5. Como as situações contemporâneas e históricas se sobrepõem no seu livro?
A eterna conexão entre passado e presente me fascina. Sempre existe algo que podemos aprender com as experiências de nossos ancestrais. Compreender o que aconteceu antes muitas vezes pode nos ajudar a entender nossas vidas atuais.
6. Em todos os seus livros, casas e propriedades têm papel preponderante e interligam pessoas e gerações. Por quê?
Talvez porque eu acredite que, em momentos conturbados, todos nós ansiamos por voltar para a casa da nossa infância, onde quer que ela se encontre. Esse é um lugar de segurança e um lembrete de onde nós viemos. Também adoro casas e prédios antigos porque eles contêm muitas histórias e segredos a serem explorados.
7. Sua heroína, Grania Ryan, é a encarnação da honestidade, do orgulho e dos princípios morais. Ela é uma generalização dos irlandeses? Por que essas pessoas são tão raras?
Eu sou irlandesa e passei minha infância na Irlanda, e é verdade que as mulheres de lá são incrivelmente fortes e cheias de princípios.
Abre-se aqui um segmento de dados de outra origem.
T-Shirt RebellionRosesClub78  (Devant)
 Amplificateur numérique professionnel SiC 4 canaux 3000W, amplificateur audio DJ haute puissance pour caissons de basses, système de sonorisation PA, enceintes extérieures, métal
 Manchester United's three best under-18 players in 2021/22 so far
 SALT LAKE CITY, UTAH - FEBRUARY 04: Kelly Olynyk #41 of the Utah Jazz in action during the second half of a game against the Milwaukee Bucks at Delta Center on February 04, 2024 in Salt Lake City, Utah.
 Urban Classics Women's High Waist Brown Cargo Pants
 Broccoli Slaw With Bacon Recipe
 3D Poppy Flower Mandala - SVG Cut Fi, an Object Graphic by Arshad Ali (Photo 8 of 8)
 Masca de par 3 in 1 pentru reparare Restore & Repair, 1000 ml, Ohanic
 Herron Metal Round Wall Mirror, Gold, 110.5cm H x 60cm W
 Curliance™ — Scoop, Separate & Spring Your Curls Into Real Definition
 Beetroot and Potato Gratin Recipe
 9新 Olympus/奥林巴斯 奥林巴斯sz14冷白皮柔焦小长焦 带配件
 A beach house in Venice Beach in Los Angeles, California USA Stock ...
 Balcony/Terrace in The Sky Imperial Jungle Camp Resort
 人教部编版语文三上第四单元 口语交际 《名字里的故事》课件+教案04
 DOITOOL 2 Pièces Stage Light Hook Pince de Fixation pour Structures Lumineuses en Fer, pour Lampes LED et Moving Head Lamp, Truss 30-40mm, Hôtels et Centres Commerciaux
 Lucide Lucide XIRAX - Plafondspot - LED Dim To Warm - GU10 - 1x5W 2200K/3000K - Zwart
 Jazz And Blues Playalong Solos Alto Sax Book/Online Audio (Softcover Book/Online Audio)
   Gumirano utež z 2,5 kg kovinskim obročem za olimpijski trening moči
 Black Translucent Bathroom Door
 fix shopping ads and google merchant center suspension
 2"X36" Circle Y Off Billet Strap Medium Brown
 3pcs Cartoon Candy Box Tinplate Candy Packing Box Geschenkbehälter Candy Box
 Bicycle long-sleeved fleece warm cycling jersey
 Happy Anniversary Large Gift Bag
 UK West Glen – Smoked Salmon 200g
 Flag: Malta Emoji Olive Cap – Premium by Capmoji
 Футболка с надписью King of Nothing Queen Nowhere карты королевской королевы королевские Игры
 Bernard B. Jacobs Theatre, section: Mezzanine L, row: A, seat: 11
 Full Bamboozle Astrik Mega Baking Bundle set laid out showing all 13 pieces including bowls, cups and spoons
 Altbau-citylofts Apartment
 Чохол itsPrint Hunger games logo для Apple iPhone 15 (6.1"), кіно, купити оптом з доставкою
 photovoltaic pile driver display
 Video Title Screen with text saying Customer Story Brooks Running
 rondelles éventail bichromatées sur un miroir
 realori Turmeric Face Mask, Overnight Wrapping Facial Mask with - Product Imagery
Elas também tendem a dizer o que pensam, e não aturam muito gente boba! Tenho imensa admiração por elas. Na verdade, não acho que mulheres como Grania sejam tão raras assim – gosto de acreditar que a maior parte das pessoas tem o desejo de “fazer a coisa certa” se tiver a oportunidade.
8. Você já foi atriz, mas este livro traz o tema do balé clássico. Você gosta de balé?
Sim, sou ex-atriz, mas antes disso fiz formação de bailarina dos 3 aos 16 anos. Então, sim, eu adoro balé e, se não tivesse sofrido uma grave lesão no joelho aos 17 anos, provavelmente ainda estaria dançando.
9. No livro, você aborda a relação entre irlandeses e ingleses. Isso parece enfatizar a superioridade dos ingleses. Sempre foi assim?
O histórico da relação entre Inglaterra e Irlanda é extenso, turbulento e amargo. Tudo começou no século XVI, quando o rei inglês Henrique VIII tentou colocar a Irlanda sob o controle do governo da Inglaterra, uma disputa que perdurou durante os reinados de Elizabeth I e Jaime I. No final do século XVIII, os ingleses já haviam confiscado a maioria das terras dos antigos proprietários irlandeses católicos. Quando veio a Primeira Guerra Mundial – época em que parte do romance é ambientada – perturbações ligadas à independência da Irlanda já eram claramente visíveis. O país estava dividido: o “norte”, que permaneceu sob controle britânico por escolha própria; e o “sul”, que se tornou independente na década de 1920, acarretando novos conflitos com a Inglaterra nas décadas subsequentes. Dessa forma, é inevitável que todo esse histórico faça parte do contexto de A garota do penhasco.
10. Como os seus leitores reagiram a A garota do penhasco?
A reação até agora me deixou completamente impressionada. A garota do penhasco foi lançado em 2011 no Reino Unido e chegou ao primeiro lugar das listas tanto da Alemanha quanto da Noruega, além de entrar direto na lista de mais vendidos do The New York Times, nos Estados Unidos.
Recebo centenas de e-mails e mensagens de Facebook de mulheres (e alguns homens) com idades que vão de 20 a 80 anos. Acho que o livro agrada qualquer um que goste do que espero ser uma história bem escrita, com um código moral embutido. Meus livros não são para os cínicos, que acreditam que o mundo é um lugar “ruim”. Como diz Aurora, acredito que a raça humana é intrinsecamente “boa”, e que a redenção e algum nível de perdão são sempre uma possibilidade. E essa é a base que sustenta o desenvolvimento das minhas histórias e personagens.